Profile: Who Was Qasim Sulaimani?
Iran’s elite Quds force head Qasim Soleimani was killed in a US airstrike in Baghdad, Iraq on Friday. The attack targeted a vehicle near Baghdad Airport. Abu Mahdi al-Muhandis, vice president of Iraq’s Hashd al-Shaabi group, or Popular Mobilization Units (PMU) also lost his life in the attack.
The attack took place in the wake of increasing tensions with the US after thousands of Iran-backed protesters stormed the US Embassy compound in Baghdad protesting against U.S. airstrikes in Iraq and Syria that killed 25 fighters of Kataib Hezbollah.
Known as the mastermind of Iran’s military strategy, Qasim Soleimani was born in 1955 in Kerman province of Iran to a farmer’s family. In his childhood, he worked as a construction worker. Soleimani continued his education until high school and then worked in Kerman city municipality until the Iranian Islamic revolution in 1979.
After the Iranian revolution against the Shah succeeded, he joined the Islamic Revolutionary Guards Corps in early 1980.
Soleimani also led an Iranian elite force known as Thar Allah 41 corps in Kerman city during the 8-year-long war. Following the war, he was promoted to be among the best ten military commanders of Iranian contingents spread across the borders with Iraq.

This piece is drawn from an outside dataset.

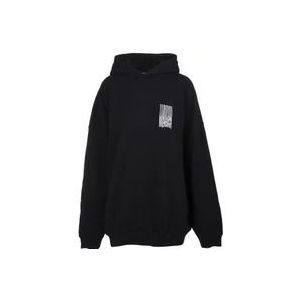 Balenciaga Sweatshirt met capuchon , Black , Heren , Maat: XS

Soleimani was appointed commander of the Quds Force in 1998, and promoted as general.
In 2015, the Iranian commander achieved a celebrity status in Iran. Documentaries and pop songs were made on him and Shia fighters in Iraq made a video showing soldiers spray-painting his portrait on a wall.
Allegations of ‘terrorism’
The US had declared Soleimani a “terrorist and supporter of terrorism”. He was among those Iranians who were sanctioned by the UN Security Council resolution 1747. In 2011, he was accused by the US of supporting the Syrian regime by providing arms. That’s when the US imposed more sanctions on him.
Later, European sanctions were imposed on three Iranian commanders of the Revolutionary Guards including Soleimani for supporting the Assad regime.